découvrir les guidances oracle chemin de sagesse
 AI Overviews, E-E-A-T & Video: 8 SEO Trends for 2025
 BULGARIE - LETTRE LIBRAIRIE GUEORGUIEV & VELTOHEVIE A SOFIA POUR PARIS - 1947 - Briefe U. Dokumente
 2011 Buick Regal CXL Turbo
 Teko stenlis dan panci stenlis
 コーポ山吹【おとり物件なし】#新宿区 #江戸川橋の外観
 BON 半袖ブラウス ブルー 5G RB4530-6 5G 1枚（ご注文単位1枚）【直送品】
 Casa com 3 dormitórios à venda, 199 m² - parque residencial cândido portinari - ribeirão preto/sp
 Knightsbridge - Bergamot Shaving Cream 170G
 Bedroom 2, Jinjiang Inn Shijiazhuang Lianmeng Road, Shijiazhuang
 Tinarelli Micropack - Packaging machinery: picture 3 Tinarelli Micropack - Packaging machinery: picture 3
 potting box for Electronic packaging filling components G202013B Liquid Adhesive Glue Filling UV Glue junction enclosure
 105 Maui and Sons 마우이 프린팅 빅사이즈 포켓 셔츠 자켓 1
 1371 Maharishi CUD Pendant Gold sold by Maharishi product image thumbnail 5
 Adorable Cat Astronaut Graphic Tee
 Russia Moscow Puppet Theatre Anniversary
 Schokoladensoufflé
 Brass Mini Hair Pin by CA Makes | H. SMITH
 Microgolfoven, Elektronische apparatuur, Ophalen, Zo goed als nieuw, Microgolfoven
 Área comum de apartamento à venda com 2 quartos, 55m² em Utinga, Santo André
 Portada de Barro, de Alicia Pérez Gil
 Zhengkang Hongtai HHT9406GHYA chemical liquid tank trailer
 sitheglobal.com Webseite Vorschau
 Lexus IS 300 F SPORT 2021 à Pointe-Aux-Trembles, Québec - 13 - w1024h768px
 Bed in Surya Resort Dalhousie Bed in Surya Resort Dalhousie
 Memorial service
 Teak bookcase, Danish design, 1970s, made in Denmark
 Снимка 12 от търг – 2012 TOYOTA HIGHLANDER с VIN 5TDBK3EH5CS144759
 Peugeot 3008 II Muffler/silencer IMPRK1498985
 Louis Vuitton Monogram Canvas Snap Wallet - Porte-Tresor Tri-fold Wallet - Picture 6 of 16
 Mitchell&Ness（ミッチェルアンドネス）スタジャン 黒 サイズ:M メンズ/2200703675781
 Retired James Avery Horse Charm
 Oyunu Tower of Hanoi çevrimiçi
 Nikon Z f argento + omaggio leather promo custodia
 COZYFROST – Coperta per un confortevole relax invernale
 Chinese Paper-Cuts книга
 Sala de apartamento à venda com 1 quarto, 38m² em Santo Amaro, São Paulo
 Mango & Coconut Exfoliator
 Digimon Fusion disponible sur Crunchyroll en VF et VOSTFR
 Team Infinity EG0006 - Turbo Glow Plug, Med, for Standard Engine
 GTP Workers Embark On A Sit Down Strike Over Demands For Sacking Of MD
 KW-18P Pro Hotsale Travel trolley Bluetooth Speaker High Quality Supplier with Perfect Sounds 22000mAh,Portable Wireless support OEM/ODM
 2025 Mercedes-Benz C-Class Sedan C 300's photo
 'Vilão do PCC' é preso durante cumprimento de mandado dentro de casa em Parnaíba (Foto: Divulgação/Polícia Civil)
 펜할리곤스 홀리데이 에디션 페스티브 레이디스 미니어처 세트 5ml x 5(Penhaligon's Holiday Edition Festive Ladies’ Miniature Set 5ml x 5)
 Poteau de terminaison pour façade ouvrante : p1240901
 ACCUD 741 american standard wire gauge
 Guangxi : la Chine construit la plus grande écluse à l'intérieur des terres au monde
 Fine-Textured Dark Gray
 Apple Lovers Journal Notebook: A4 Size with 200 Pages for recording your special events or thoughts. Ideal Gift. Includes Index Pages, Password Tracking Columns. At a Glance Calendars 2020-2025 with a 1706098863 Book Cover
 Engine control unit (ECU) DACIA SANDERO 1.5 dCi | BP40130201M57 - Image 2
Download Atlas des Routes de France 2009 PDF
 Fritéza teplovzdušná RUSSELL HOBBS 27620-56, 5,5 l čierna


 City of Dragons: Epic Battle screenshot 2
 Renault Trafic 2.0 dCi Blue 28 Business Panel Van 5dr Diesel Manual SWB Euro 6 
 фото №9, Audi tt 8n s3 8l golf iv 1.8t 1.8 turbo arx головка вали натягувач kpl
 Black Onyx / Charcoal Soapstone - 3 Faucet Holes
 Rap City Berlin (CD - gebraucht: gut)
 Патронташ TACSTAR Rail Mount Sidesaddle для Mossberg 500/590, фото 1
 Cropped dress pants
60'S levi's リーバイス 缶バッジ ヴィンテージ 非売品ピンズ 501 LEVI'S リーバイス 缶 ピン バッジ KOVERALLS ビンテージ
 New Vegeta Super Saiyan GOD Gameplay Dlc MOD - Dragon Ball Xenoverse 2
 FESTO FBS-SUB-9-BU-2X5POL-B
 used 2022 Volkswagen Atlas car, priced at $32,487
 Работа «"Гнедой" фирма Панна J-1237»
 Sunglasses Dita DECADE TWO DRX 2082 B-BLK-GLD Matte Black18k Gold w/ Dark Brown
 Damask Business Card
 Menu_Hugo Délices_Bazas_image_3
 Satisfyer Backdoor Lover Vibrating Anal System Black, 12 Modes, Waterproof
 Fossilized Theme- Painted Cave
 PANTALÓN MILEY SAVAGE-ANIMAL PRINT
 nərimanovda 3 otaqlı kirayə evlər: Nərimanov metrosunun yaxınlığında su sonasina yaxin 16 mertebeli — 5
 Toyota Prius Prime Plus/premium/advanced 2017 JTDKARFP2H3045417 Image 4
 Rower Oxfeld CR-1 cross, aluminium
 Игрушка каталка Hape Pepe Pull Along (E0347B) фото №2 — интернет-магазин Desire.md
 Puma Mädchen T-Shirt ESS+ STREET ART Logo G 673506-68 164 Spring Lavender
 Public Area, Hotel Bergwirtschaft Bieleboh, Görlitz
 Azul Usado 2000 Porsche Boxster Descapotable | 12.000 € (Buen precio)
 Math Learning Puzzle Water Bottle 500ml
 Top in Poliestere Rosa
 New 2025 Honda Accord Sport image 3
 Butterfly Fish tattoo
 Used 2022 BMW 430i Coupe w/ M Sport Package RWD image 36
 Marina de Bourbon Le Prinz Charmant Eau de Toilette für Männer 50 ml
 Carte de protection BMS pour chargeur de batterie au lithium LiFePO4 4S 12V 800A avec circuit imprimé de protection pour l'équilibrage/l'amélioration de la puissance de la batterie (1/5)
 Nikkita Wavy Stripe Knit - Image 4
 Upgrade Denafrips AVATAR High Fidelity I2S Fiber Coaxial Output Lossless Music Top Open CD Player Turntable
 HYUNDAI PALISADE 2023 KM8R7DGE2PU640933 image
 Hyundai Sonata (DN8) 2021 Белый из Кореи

===============

BRIEF
Beginning with the first line of the entries, repeat each line exactly until you have reproduced the one containing "Louis Vuitton Monogram", and add nothing further.

EXERCISE RESPONSE
découvrir les guidances oracle chemin de sagesse
 AI Overviews, E-E-A-T & Video: 8 SEO Trends for 2025
 BULGARIE - LETTRE LIBRAIRIE GUEORGUIEV & VELTOHEVIE A SOFIA POUR PARIS - 1947 - Briefe U. Dokumente
 2011 Buick Regal CXL Turbo
 Teko stenlis dan panci stenlis
 コーポ山吹【おとり物件なし】#新宿区 #江戸川橋の外観
 BON 半袖ブラウス ブルー 5G RB4530-6 5G 1枚（ご注文単位1枚）【直送品】
 Casa com 3 dormitórios à venda, 199 m² - parque residencial cândido portinari - ribeirão preto/sp
 Knightsbridge - Bergamot Shaving Cream 170G
 Bedroom 2, Jinjiang Inn Shijiazhuang Lianmeng Road, Shijiazhuang
 Tinarelli Micropack - Packaging machinery: picture 3 Tinarelli Micropack - Packaging machinery: picture 3
 potting box for Electronic packaging filling components G202013B Liquid Adhesive Glue Filling UV Glue junction enclosure
 105 Maui and Sons 마우이 프린팅 빅사이즈 포켓 셔츠 자켓 1
 1371 Maharishi CUD Pendant Gold sold by Maharishi product image thumbnail 5
 Adorable Cat Astronaut Graphic Tee
 Russia Moscow Puppet Theatre Anniversary
 Schokoladensoufflé
 Brass Mini Hair Pin by CA Makes | H. SMITH
 Microgolfoven, Elektronische apparatuur, Ophalen, Zo goed als nieuw, Microgolfoven
 Área comum de apartamento à venda com 2 quartos, 55m² em Utinga, Santo André
 Portada de Barro, de Alicia Pérez Gil
 Zhengkang Hongtai HHT9406GHYA chemical liquid tank trailer
 sitheglobal.com Webseite Vorschau
 Lexus IS 300 F SPORT 2021 à Pointe-Aux-Trembles, Québec - 13 - w1024h768px
 Bed in Surya Resort Dalhousie Bed in Surya Resort Dalhousie
 Memorial service
 Teak bookcase, Danish design, 1970s, made in Denmark
 Снимка 12 от търг – 2012 TOYOTA HIGHLANDER с VIN 5TDBK3EH5CS144759
 Peugeot 3008 II Muffler/silencer IMPRK1498985
 Louis Vuitton Monogram Canvas Snap Wallet - Porte-Tresor Tri-fold Wallet - Picture 6 of 16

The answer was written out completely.